My wonderful graphic designer told me that a few weeks ago when I shifted course and opted out of one of the promotional pieces we had originally discussed. She and I have worked together for almost two years now, so I’m not sure why I felt the need to come up with some elaborate explanation about my decision. Yet, I did. Despite the fact that I was working off of my instincts and my graphic designer trusted my judgment, I still felt the need to annotate what I was saying.
Maybe it’s something that has been ingrained in women for awhile, the notion that “No” can not and does not serve as a complete sentence. We don’t always feel quite that confident saying “I don’t want to do that” or “I’ve changed my mind” unless it’s accompanied by some sort of justification. As seemingly resolute as I can be in my decisions, they hardly ever come without a lot of questioning, contradiction and explanation.
I wish it weren’t that way. And, it isn’t always. I have learned how to just say “no” to the people who know me best without providing much of an explanation. I do it to some of my close friends often. I trust that they know if and when I want to go or be somewhere, I will. If not, they don’t press me for much background about my decision. But, I also just declined going on vacation with a friend and felt the need to tell her I already had my summer trips lined up (true, but still, unnecessary.)
And, I don’t think it’s just about saying “no.” It often times feels like with any and every decision we make, good or bad, we can’t quite verbalize it without an explanation. When I decided last year to hold off on writing a book, I wrote a blog post explaining why. When I vent to a friend about any sort of issue, I often times feel like I need to apologize. When I change my mind about virtually anything, I feel like I need to reveal every bit of my decision-making process. It’s a very unnecessary approach to things that usually just exhausts me.
Because, life usually grants us a few people who understand and receive us no matter what. They do not require explanations, dissertations, excuses or whatever else it is we want to conjure up. My best friend is one of those people. As I spewed earlier about everything and nothing and about how I felt like a weak person for feeling a specific type of way, she very quickly assured me that I’m 24 years old and I’m allowed to change my mind. I’m allowed to contradict myself. I’m allowed not to always be the strong and put-together person I strive so hard to be.
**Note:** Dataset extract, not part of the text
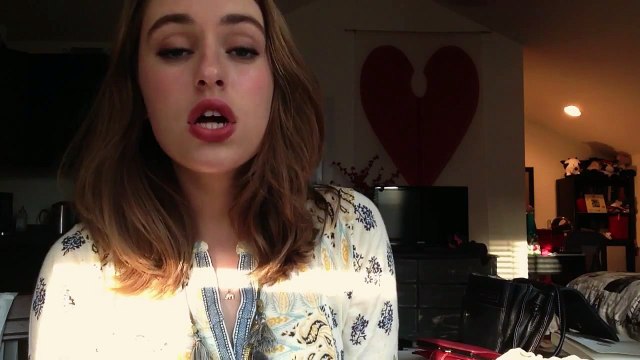 Sa voix naturelle sonne comme une voix électronique! ! Paper Hearts - Tori Kelly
You need the people in your life like that, the people who remind you not to take yourself too seriously because they have seen you at your best and your most broken. They knew you before you became a semi-decent human being, before you learned corporate lingo, before you earned a salary or an apartment or anything else the world believes legitimizes you. You need the people who knew you before you even knew you, before you morphed into who you are now. They will never think less of you if you make a wrong turn or crack at your seams. And it is only with those people around that you’ll remember you never have to explain yourself; to be precisely who you are is more than enough.